O Sagmeister é muito incrível. O Milton Glaser é uma referência para mim, muito pelo discurso dele… Tem o George Lois também. Tem muita gente bacana e eu acho que hoje a gente tem muito acesso. Eu fico muito triste de citar 3 ou 4, porque tem muita gente que talvez não me venha à cabeça agora, então eu diria que essas são algumas das minhas referências… Ah! Tem uma designer bacana que vale prestar atenção: Kelli Anderson. O trabalho dela é muito legal e ela é super envolvida politicamente com várias pautas.

Você tem dificuldade em equilibrar a vida pessoal e profissional?

Eu tenho dificuldade em saber o quanto da minha vida pessoal é profissional, porque elas se misturam muito. Tem momentos em que eu estou trabalhando fixa há uns seis meses, cansada, e percebo que não peguei nada de autoral para fazer nesse tempo. Aí eu já acendo um “alarminho” para mim mesma: “Estamos sem produção pessoal há 5 meses!” Eu tenho muito prazer em fazer meus projetos e às vezes deixo de sair pra terminá-los. Eu não me sinto mal com isso porque estou me divertindo do meu jeito.

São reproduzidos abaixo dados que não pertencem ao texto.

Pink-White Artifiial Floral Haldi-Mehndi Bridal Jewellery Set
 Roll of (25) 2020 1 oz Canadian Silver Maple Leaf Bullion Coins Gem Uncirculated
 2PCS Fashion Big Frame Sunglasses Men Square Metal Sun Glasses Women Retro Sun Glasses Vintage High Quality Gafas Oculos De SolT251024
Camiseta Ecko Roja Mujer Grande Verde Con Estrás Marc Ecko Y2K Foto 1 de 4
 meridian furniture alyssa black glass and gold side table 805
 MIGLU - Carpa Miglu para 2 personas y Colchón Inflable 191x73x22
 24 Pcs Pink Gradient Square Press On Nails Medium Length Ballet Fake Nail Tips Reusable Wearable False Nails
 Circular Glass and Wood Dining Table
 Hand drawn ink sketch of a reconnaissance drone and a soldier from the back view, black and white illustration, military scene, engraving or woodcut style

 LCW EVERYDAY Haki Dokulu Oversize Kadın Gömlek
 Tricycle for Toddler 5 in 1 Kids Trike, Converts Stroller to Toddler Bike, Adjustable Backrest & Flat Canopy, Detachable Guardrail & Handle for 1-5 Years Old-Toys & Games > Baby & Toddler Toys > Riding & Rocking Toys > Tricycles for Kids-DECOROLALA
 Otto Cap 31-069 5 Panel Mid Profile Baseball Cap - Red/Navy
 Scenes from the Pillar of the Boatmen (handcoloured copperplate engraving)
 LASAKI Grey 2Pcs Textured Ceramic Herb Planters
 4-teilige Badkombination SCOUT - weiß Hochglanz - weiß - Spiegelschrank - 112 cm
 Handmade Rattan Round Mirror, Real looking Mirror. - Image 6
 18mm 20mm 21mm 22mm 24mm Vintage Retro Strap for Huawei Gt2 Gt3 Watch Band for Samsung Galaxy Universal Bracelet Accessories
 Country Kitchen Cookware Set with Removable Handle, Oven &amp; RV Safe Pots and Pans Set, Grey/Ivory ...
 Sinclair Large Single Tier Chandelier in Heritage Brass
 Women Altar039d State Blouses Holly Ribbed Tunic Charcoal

Mas temos que achar o equilíbrio, sempre, e saber que não tem nada de bonito em virar a noite ou deixar de ir no aniversário de alguém da sua família, dos seus melhores amigos, porque seu chefe ou cliente quer uma entrega impossível.

Você se considera feminista?

Sim, me considero. Eu acho que todo mundo tem que ser feminista, o feminismo é necessário. independente de gênero, cor ou de classe social, acho que todo mundo tem direito a ter acesso às mesmas coisas, igualdade salarial, visibilidade, reconhecimento.

Se você pudesse, o que gostaria de mudar no mundo do design gráfico e da ilustração?

Eu acho que a gente faz trabalhos importantes, acredito que o design tem uma função facilitadora de transformar  a vida das pessoas para melhor.

Tem um evento chamado “What Design Can Do” que é muito legal, com uma proposta de mostrar solucões inovadoras que transformaram vidas,  é o design que “salva o mundo”, mesmo. Eu queria ver mais esse tipo de design e que os nossos apegos durante o projeto não fossem à questões meramente estéticas.